- Born: July 27, 1907 Constantinople, Ottoman Empire (present-day Istanbul, Turkey)
- Died: October 12, 1991 (aged 84) Berkeley, California, U.S.

Education
- Education: Chicago Theological Seminary Harvard University
- Doctoral advisor: Alfred North Whitehead

Philosophical work
- Era: Contemporary philosophy
- Region: Western philosophy
- School: Analytic philosophy
- Doctoral students: Terence Irwin, Richard Kraut, Alexander Nehamas, Paul Woodruff, Gerasimos Santas
- Main interests: Ancient Philosophy Ethics
- Notable ideas: Socratic philosophy as distinct from what is commonly known as Platonism

= Gregory Vlastos =

Greek scholar of ancient philosophy (1907–1991)

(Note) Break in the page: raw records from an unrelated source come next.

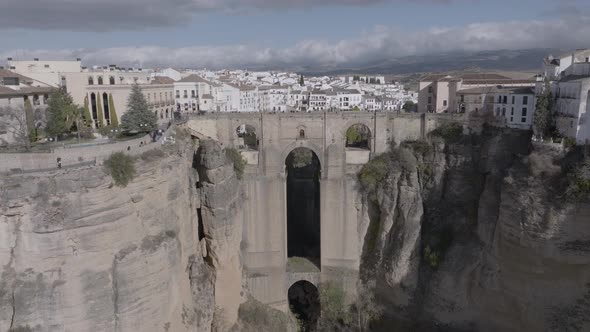 Aerial ascends over Ronda Spain and medieval arch bridge over gorge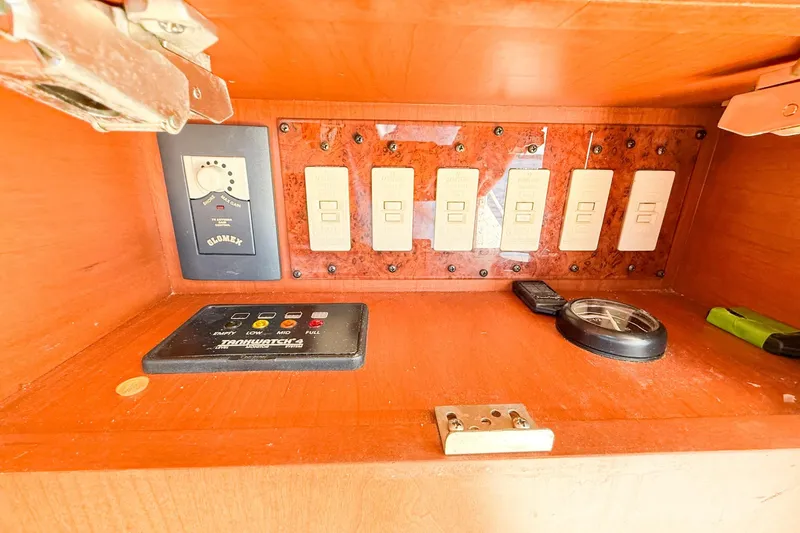 Steel Dreamin Yacht Photos Pics Control panel inside 2004 Silverton 48 Convertible yacht, featuring switches and electronic devices.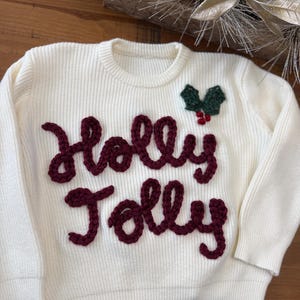 May include: White knitted sweater with a red embroidered "Holly Jolly" design and a green holly sprig with red berries.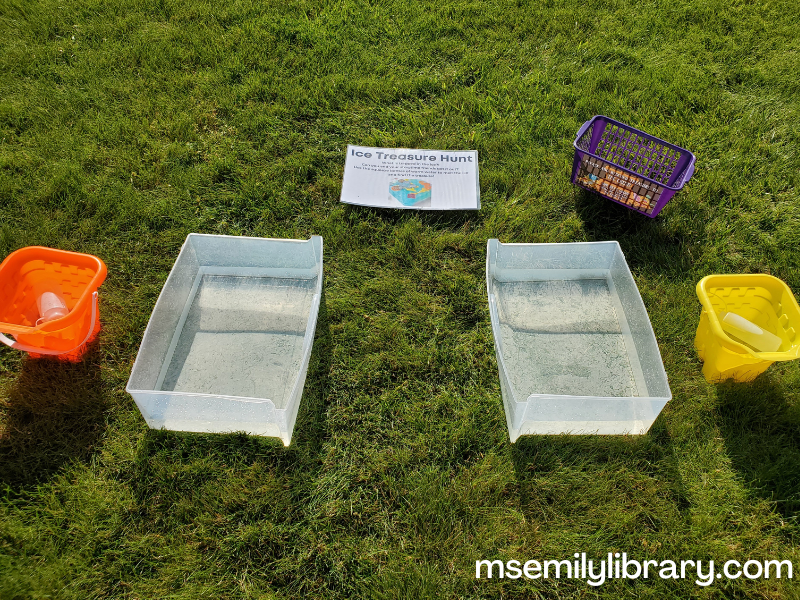 plastic bins with water, with smaller buckets beside them. a purple plastic basket is labeled as the "treasure chest" with a sign asking kids to put treasure there for the next group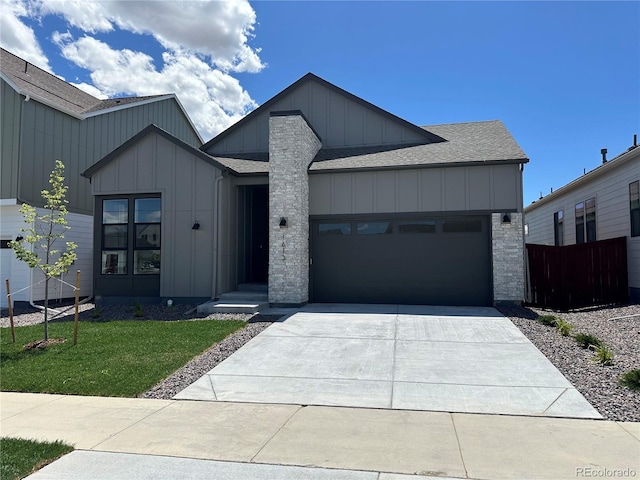1613 Winter Glow Dr, Windsor, CO 80550 - modern farmhouse style home featuring board and batten siding, a shingled roof, a garage, and driveway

Gregory Vlastos (/ˈvlæstoʊs/; Γρηγόριος Βλαστός; July 27, 1907 - October 12, 1991) was a preeminent scholar of ancient philosophy, and author of many works on Plato and Socrates. He transformed the analysis of classical philosophy by applying techniques of modern analytic philosophy to restate and evaluate the views of Socrates and Plato.

==Biography==
===Early life and education===
Vlastos was born in Istanbul (then Constantinople), to a Scottish mother and a Greek father, Kimon Vlastos (his parents later moved to Brussels, Belgium). His father was associated with the Imperial Ottoman Bank in Instanbul before the revolution. In Istanbul his parents belonged to a small sect of Greek Protestants and he received a Presbyterian Church upbringing. After graduating from Istanbul's American-sponsored school, Robert College, in 1925, he enrolled in the Chicago Theological Seminary, where he earned a Bachelor of Divinity in 1929. He was ordained a minister in the Congregational Church, but he never became a pastor. He attended graduate school in philosophy at Harvard University where he received a PhD in 1931. His dissertation, "God as a Metaphysical Concept," was supervised by Alfred North Whitehead. His teachers included Whitehead and Raphael Demos.

===Career===
Vlastos accepted a position at Queen's University in Kingston, Ontario, Canada in 1931. While there, he wrote two books and edited a third book, all concerning Christianity. In 1938 he had completed a manuscript of 30,000 words on "Religion and the State in Plato," which he never published. His first articles were for the journal Christendom ("What Is Love?" (1935) and "Jesus's Conflict with the Pharisees" (1937)). He also published "Organic Categories in Whitehead" in the Journal of Philosophy (1937).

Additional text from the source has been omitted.